[Short web captions]
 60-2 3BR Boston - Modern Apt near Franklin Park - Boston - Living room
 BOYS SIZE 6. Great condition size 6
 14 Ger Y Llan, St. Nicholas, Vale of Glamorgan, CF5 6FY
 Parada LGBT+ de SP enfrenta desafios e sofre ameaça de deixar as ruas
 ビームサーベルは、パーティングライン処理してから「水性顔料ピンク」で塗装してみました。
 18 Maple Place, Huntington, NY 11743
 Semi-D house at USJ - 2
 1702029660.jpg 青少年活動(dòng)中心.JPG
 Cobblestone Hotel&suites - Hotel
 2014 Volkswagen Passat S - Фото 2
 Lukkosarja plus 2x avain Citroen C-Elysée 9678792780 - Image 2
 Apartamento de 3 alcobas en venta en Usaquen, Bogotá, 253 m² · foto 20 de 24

ASSIGNED TASK: What is needed is an exact retyping of every line from the one containing "Semi-D house at USJ - 2" through the final line of the entries, and only those lines.

RESPONSE BOX:
 Semi-D house at USJ - 2
 1702029660.jpg 青少年活動(dòng)中心.JPG
 Cobblestone Hotel&suites - Hotel
 2014 Volkswagen Passat S - Фото 2
 Lukkosarja plus 2x avain Citroen C-Elysée 9678792780 - Image 2
 Apartamento de 3 alcobas en venta en Usaquen, Bogotá, 253 m² · foto 20 de 24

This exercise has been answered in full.